* **Instructions for the task**: An exact transcription of all the records is required, minus the images.

* **Data for this exercise**:
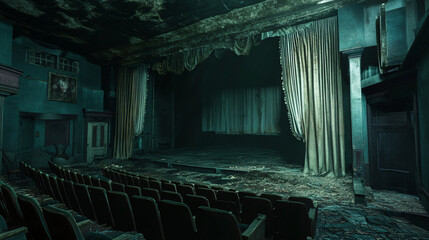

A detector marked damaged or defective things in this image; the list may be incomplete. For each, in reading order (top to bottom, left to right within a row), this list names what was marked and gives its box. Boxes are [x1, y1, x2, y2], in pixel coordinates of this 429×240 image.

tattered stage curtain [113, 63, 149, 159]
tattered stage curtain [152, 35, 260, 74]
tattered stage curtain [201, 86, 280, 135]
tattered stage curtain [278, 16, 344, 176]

* **Answer area**:
A detector marked damaged or defective things in this image; the list may be incomplete. For each, in reading order (top to bottom, left to right within a row), this list names what was marked and gives its box. Boxes are [x1, y1, x2, y2], in pixel coordinates of this 429×240 image.

tattered stage curtain [113, 63, 149, 159]
tattered stage curtain [152, 35, 260, 74]
tattered stage curtain [201, 86, 280, 135]
tattered stage curtain [278, 16, 344, 176]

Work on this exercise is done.